By Mark Wolfe, Western Communications
Four Western PhD candidates have been named from among 166 nationwide recipients of the 2019-2020 Vanier Canada Graduate Scholarships – two from the social sciences and humanities competition, one from the health sciences competition, and one from the natural sciences and engineering competition. Each winner will receive $50,000 annually for up to three years.
Vanier Scholars are selected each year based on leadership skills, research potential, and a high standard of scholarly achievement across all disciplines.
Jemima Nomunume Baada
PhD, Women’s Studies and Feminist Research, with the collaborative specialization in Migration and Ethnic Relations
Examining the Dual Effects of Climate Change and Multilateral Investment on Agrarian Migration in Ghana
In Ghana, the effects of climate change are worsening in the northern sector. Therefore, most people who depend on farming and forest resources migrate to southern Ghana for better lives. At the same time, growing foreign investments in the south are attracting migrants. Yet, we know little about how changing climates and growing foreign investment affect people in rural migration origins and destinations.
It is important to study the combined effects of climate change and foreign investment on migration in Ghana as existing research focus on one or the other, although they are linked. Furthermore, rural dwellers – particularly women and children – tend to be excluded from most studies on climate change, migration and investment in developing regions.

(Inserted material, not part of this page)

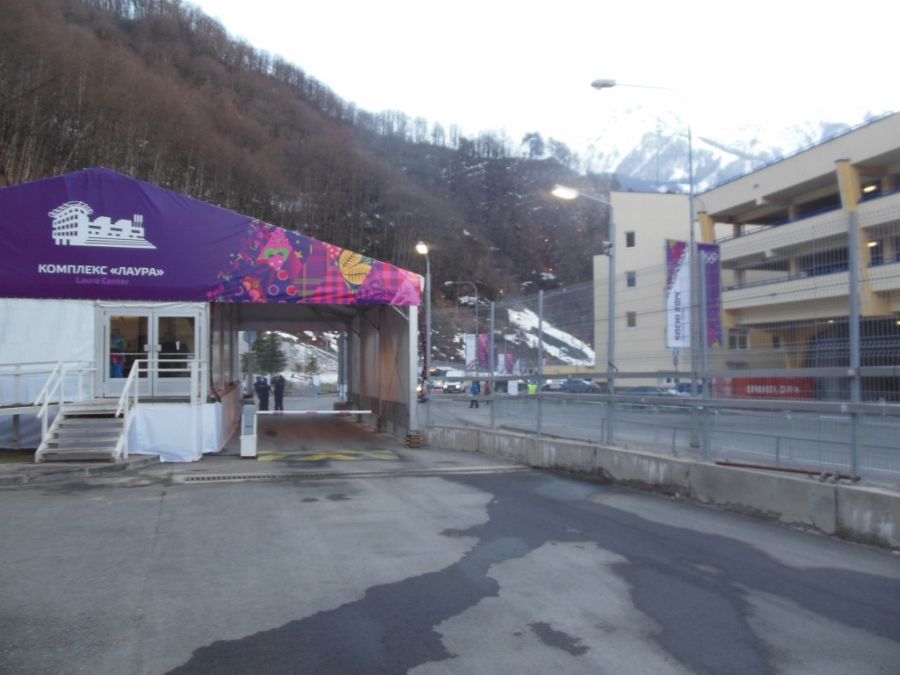 Американский спортсмен об олимпийской жизни в Сочи (57 фото)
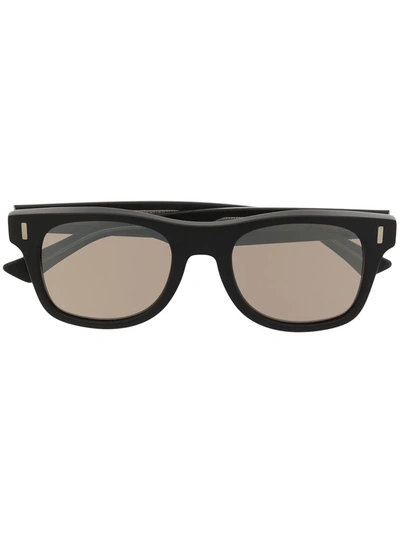 Shop Cutler And Gross D-frame Sunglasses In Schwarz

Baada’s research explores the lives of return-migrants and non-migrants in the Upper West, which has high rates of outmigration, and eyes migrants’ access to resources in rural areas of the middle belt which are migrant and foreign investment hubs. Through that, she will identify how foreign investment could be better used to improve the lives of rural migrants in Ghana.
PhD in Anthropology
‘Super-diversifying’ the Multicultural Lens: Hakka Mauritian Heritage Practices in Mauritius and Canada
It is often presumed people have ties to only one culture and language – not so. In fact, studies must recognize ties to multiple ethnolinguistic communities to understand actual migrant experiences and avoid misrepresentation.
Guccini’s work among the Mauritian Hakka, a diasporic Chinese group, highlights the complexity and diversity of collective identities. The Hakka in Mauritius are losing their heritage language, Hakka, following a language shift to the three main languages spoken in Mauritius: Kreol, French and English.
This loss is both bemoaned and encouraged within the communities, implying conflicting discourses of linguistic heritage preservation and language opportunism. Some Hakka Mauritians try to reconnect to their Chinese roots by learning Mandarin, not Hakka. Mandarin is seen as more useful on the global market. As many Mauritian Chinese move to Toronto, a city similar to Mauritius in cosmopolitan and multilingual status, their multicultural and multilingual heritage is homogenized and oversimplified. They may be recognized as Chinese by appearance or French due to their accents. Their Mauritian cultural background is less visible.
Guccini’s work documents how Hakka Mauritians negotiate their heritages and lived experiences in these ‘super-diverse’ places, and shows the impact of diversity discourses on migrant identities.
PhD in Nursing
Decision making capacity and triage acuity among emergency department users.
Patients visit the emergency department hoping for immediate treatment for their medical complaint, regardless of its severity. However, 25-40 per cent of patients could be treated more efficiently elsewhere. While we know some of the sociodemographic and clinical reasons that lead to the overuse of emergency departments, we still do not understand how behavioural and social determinants of health explain patients’ decision-making.
Houston’s work examines the factors influencing patient motivation as it relates to emergency department use. Her main aim is to explain how health literacy, health-related personal beliefs, emotional intelligence, and severity of presenting complaint combine to influence emergency department use. Her study will be the first to link clinical data with primary data on health behavior and will enhance and inform patient decision-making capacity.
PhD in Civil Engineering
Designing Thunderstorm-safe Electricity Transmission Towers through Studying Their Failure – Experimentally Validated Theory to Application
High wind speeds cause immense forces on towers causing line failures. Thunderstorms account for 80 per cent of weather-related failures worldwide. Yet, failures still occur at escalating rates due to climate change with no specific guidelines for tower designs to withstand thunderstorms.
This is of economic significance due to the cost of power outages and maintenance. Failures are unpredictable and costly, but, most importantly, avoidable with advancements in the fields of wind and structural engineering. Numerical models will be used to identify tower steel members that initiate the tower collapse. While wind guidelines usually design for no tolerance of member breakage, a design concept from seismology will be applied, allowing some members to break, taking the main hit, yet maintaining an intact tower and preventing outages. This means designing efficient towers that perform rather than last.
To verify the numerical model, a unique experiment will be conducted in the world’s leading thunderstorm flow simulator at Western. Results will be proposed to the ASCE-74, the tower design guidelines of the United States (also followed by Canada). In a second stage, the model will be used within a reliability framework. Applying the framework will provide details to design towers that minimize cost and time to be maintained. This research will change the way transmission towers are designed, minimizing failures with severe climate change events, and adding great economic value to this industry.